* **PROBLEM TO SOLVE**:
Take the lines from the beginning of the data below through the line holding "Rustic Elegance Villa" and return exactly those.

* **RECORDS PROVIDED**:
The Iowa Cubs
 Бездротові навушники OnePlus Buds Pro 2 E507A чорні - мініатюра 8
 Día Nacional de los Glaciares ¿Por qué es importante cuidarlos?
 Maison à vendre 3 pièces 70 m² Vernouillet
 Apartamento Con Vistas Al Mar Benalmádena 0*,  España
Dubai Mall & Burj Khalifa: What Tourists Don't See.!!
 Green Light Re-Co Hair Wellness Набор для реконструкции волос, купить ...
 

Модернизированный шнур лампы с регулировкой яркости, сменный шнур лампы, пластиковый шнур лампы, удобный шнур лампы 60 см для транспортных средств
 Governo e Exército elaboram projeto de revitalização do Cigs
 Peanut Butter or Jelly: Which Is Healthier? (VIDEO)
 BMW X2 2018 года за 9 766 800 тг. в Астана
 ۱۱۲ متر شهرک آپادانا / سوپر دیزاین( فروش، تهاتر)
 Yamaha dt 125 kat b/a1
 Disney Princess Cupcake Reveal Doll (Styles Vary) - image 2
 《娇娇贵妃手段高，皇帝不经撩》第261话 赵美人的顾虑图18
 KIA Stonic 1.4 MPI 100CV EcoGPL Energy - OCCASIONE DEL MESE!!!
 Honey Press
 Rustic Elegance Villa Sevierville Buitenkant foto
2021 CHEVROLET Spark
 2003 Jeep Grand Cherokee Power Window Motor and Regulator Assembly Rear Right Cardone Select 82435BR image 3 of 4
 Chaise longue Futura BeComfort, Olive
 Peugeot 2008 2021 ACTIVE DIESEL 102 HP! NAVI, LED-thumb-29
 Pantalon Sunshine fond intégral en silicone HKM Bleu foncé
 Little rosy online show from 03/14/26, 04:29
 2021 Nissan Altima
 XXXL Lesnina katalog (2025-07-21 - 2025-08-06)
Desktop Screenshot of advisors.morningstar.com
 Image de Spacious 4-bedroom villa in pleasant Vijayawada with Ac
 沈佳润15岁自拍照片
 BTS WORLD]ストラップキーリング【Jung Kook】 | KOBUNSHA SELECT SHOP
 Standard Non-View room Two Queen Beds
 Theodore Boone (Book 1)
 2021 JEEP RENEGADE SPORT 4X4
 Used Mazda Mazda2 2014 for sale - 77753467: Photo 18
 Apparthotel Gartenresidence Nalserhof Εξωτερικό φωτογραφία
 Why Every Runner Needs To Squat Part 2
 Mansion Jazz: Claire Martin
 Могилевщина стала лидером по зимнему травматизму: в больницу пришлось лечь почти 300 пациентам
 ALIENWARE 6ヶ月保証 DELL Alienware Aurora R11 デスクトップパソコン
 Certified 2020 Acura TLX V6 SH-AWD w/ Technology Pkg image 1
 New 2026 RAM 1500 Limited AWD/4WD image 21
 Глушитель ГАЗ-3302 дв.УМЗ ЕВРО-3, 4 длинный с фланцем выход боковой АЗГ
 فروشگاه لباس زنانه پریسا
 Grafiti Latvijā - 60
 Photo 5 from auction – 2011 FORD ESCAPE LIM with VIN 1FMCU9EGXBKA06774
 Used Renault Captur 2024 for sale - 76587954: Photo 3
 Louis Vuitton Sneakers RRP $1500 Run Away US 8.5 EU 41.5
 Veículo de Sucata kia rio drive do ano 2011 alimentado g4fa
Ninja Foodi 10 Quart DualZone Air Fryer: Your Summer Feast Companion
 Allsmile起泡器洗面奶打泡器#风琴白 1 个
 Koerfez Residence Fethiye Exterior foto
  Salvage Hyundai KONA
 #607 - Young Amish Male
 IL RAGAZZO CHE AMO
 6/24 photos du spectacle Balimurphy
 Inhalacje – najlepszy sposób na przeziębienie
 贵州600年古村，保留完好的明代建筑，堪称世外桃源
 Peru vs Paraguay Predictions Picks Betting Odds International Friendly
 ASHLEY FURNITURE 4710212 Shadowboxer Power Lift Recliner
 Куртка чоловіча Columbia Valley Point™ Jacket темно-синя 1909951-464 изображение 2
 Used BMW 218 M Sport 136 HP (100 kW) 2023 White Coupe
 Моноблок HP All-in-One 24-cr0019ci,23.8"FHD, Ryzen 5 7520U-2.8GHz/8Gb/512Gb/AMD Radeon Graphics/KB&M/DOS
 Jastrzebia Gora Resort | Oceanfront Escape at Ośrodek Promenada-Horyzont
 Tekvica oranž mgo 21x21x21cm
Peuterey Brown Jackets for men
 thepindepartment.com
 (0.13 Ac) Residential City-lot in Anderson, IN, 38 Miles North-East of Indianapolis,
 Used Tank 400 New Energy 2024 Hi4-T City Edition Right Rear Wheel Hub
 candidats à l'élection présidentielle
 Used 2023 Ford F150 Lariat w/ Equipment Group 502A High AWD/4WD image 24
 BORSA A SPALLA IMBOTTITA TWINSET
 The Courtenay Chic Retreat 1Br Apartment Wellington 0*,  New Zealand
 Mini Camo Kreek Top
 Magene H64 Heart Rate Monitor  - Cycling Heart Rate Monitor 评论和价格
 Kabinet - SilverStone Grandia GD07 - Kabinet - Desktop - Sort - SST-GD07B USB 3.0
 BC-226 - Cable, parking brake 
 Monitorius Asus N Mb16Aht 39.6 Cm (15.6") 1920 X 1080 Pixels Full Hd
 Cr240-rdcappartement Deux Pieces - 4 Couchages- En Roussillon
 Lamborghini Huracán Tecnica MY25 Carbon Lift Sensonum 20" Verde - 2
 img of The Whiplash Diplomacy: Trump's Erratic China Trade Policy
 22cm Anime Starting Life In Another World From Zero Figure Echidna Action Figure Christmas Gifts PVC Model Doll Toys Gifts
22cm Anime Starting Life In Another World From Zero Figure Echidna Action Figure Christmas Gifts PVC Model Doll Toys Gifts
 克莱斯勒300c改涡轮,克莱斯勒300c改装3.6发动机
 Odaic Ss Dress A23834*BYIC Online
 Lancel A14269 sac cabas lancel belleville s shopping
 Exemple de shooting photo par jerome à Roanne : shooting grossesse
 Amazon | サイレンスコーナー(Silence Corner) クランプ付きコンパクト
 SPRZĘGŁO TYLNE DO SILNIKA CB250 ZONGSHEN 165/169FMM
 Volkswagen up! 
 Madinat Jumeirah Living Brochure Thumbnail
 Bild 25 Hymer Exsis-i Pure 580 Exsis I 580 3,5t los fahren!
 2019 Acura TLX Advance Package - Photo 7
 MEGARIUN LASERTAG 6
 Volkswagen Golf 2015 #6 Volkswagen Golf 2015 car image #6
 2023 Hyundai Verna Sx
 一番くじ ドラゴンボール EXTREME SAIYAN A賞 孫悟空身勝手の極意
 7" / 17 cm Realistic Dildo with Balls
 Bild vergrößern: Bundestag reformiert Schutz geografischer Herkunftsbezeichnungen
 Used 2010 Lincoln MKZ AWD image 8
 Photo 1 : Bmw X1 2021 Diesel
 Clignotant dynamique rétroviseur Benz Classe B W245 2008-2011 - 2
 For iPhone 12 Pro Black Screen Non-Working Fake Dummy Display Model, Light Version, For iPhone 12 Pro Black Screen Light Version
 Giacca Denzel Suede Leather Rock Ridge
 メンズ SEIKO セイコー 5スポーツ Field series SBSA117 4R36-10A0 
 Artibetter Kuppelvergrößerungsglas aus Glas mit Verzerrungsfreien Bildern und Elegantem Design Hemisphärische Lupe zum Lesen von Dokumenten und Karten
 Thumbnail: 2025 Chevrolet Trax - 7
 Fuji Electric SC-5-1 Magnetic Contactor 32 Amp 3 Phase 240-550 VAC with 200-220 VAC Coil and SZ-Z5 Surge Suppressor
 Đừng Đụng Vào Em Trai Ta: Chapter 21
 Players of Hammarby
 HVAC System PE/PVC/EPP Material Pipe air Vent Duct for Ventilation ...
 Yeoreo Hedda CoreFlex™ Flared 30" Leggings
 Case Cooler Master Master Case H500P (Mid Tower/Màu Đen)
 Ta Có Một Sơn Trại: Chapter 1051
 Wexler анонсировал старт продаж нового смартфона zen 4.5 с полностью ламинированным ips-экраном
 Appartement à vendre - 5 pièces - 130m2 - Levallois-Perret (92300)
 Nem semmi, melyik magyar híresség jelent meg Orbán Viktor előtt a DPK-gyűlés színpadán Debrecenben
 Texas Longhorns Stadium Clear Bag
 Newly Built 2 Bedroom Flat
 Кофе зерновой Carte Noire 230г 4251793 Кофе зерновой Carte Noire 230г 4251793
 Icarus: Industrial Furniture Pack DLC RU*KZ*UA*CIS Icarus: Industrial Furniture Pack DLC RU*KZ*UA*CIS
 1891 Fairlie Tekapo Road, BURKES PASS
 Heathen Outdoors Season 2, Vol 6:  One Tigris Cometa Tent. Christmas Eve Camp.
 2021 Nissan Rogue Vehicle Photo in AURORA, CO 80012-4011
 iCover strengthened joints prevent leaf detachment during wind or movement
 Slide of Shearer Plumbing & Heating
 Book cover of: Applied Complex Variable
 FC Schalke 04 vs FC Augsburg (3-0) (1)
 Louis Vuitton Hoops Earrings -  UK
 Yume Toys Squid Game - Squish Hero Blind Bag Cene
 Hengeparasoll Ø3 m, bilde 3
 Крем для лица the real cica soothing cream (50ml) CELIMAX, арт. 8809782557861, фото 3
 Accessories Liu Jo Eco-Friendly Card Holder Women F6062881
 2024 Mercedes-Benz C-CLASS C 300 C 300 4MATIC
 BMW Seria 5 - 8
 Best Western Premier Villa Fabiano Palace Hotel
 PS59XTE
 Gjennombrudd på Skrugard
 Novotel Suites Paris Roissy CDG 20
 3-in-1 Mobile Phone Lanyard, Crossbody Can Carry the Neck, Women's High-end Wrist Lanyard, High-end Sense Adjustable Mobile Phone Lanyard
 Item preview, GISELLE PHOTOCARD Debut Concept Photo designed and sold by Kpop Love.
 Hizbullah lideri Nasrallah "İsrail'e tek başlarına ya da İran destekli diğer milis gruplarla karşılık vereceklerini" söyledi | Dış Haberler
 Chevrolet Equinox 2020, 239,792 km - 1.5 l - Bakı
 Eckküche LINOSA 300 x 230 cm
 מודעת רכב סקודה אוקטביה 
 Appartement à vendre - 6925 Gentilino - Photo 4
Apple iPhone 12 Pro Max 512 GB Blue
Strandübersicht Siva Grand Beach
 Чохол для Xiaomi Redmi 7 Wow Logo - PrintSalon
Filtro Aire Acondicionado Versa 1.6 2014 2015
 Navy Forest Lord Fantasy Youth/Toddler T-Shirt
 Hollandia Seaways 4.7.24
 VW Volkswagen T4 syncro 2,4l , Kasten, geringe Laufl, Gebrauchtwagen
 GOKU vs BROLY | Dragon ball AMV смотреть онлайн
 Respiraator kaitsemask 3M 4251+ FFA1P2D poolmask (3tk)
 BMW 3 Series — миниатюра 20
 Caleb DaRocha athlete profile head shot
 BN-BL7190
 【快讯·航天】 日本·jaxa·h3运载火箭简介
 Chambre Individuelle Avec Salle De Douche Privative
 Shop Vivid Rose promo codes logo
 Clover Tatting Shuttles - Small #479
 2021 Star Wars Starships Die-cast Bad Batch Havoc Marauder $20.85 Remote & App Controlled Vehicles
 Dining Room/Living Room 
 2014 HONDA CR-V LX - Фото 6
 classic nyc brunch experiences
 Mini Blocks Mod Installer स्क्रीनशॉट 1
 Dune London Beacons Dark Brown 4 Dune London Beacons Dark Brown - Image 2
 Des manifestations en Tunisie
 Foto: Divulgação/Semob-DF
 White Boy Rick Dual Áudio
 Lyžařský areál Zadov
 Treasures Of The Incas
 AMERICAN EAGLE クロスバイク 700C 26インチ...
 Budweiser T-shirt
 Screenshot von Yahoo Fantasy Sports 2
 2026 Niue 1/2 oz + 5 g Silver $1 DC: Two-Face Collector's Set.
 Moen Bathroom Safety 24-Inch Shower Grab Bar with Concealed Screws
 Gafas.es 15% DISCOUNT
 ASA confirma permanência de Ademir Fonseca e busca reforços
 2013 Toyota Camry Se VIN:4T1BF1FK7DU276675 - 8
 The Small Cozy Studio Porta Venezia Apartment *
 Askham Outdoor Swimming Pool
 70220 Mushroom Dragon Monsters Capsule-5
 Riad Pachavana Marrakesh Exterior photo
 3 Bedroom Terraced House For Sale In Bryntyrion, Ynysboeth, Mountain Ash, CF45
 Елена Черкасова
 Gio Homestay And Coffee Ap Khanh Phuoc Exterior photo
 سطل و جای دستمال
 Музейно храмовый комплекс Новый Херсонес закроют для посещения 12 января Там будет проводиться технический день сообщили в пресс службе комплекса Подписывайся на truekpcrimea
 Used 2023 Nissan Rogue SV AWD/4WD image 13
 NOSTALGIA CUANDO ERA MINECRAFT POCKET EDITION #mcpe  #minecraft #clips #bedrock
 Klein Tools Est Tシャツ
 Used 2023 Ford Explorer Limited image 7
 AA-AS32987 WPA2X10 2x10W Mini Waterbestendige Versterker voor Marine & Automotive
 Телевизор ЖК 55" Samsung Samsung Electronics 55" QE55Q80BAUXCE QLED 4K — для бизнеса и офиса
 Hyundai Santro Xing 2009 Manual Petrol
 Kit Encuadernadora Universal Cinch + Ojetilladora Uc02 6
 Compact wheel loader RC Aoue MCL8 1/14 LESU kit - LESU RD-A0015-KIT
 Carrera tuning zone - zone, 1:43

* **EXERCISE RESPONSE**:
The Iowa Cubs
 Бездротові навушники OnePlus Buds Pro 2 E507A чорні - мініатюра 8
 Día Nacional de los Glaciares ¿Por qué es importante cuidarlos?
 Maison à vendre 3 pièces 70 m² Vernouillet
 Apartamento Con Vistas Al Mar Benalmádena 0*,  España
Dubai Mall & Burj Khalifa: What Tourists Don't See.!!
 Green Light Re-Co Hair Wellness Набор для реконструкции волос, купить ...
 

Модернизированный шнур лампы с регулировкой яркости, сменный шнур лампы, пластиковый шнур лампы, удобный шнур лампы 60 см для транспортных средств
 Governo e Exército elaboram projeto de revitalização do Cigs
 Peanut Butter or Jelly: Which Is Healthier? (VIDEO)
 BMW X2 2018 года за 9 766 800 тг. в Астана
 ۱۱۲ متر شهرک آپادانا / سوپر دیزاین( فروش، تهاتر)
 Yamaha dt 125 kat b/a1
 Disney Princess Cupcake Reveal Doll (Styles Vary) - image 2
 《娇娇贵妃手段高，皇帝不经撩》第261话 赵美人的顾虑图18
 KIA Stonic 1.4 MPI 100CV EcoGPL Energy - OCCASIONE DEL MESE!!!
 Honey Press
 Rustic Elegance Villa Sevierville Buitenkant foto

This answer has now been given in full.